What is the fusion of magnetic imprisonment?
Magnetic imprisonment is access to nuclear fusion, which includes plasma suspension (ionized gas) in the magnetic field and increases its temperature and pressure on large levels. Nuclear fusion is a type of nuclear energy produced when the atomic cores of the light - hydrogen, deuterium, tritium or helium - are connected at large temperatures and pressures. All light and heat of the sun come from nuclear fusion reactions taking place in its core. The sun may exist at all - the external pressure of the fusion reactions tends to tend to gravitational collapse.

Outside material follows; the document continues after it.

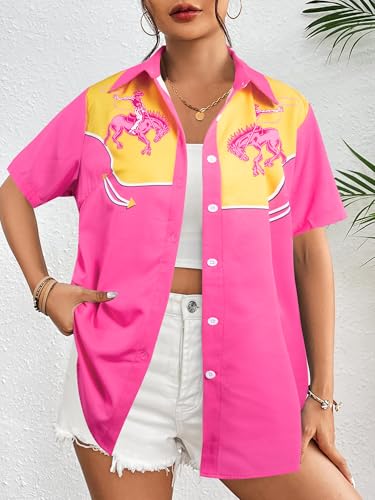 Western Shirts for Women Retro Cowgirl Shirt Rodeo Button Up Tshirt Hawaiian Summer Vacation Short Sleeve Top Blouses2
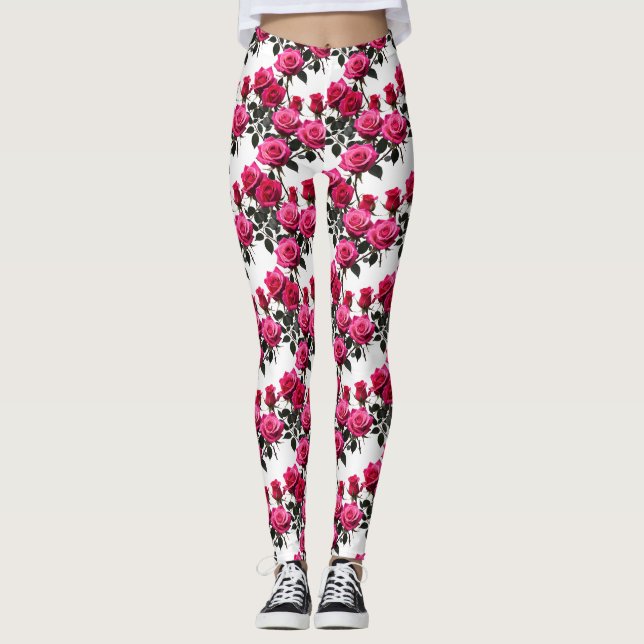 Clustered Red And Pink Roses On A Stark White  Leggings (Vorderseite)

Although humanity has used fission energy - it broke heavy cores - for nuclear energy, the successful fusion power still escapes us. So far, every attempt to generate fusion energy consumes more energy than it produces. Magnetic imprisonment is one of the two popular approaches to nuclear fusion - the second is the fusion of inertial imprisonment, which includes bombing apelive pellet with high -performance lasers. There is currently one project with more billionsDami dollars for every journey-national ignition device in the United States monitors the merger of a remaining imprisonment and an international thermonuclear experimental reactor, an international project, monitors the merger of magnetic imprisonment.
Experiments in magnetic imprisonment began in 1951, when Lyman Spitzer, physicist and astronomer, built a star, a plasma -shaped plasma device. The main breakthrough came in 1968, when Russian scientists introduced tokamak public design, Torus, which would be the design of the most magnetic fusion devices that will come. In 1991, there was another step forward with the construction of the start (small tight ratio of Tokamak) in the UK, spheromak or spherical tokamak. Testing has shown that this device is about three better than most tokamaks to initiate fusion reactions and spheromaks continues to be a continued area of investigation in research.
to be fTeric reaction effective, the center of the tokamac reactor must be heated to temperatures of around 100 million Kelvin. At such high temperatures, particles have huge kinetic energy and are constantly trying to escape. One fusion research compares the challenge of magnetic imprisonment with the challenge of pressing the balloon - if you press hard on one side, just appears on another. When the magnetic imprisonment is fusing, this "jumping" causes the particles of high -temperature particles to collide with the reactor wall and rob metal pieces in a process known as "spraying". These particles absorb energy and reduce the total temperature of limited plasma and make it difficult to achieve the correct temperature.
If the strength of the merger could be managed, it could become an unrivaled source of energy for humanity, but even the most optimistic scientists do not expect commercial energy production before 2030.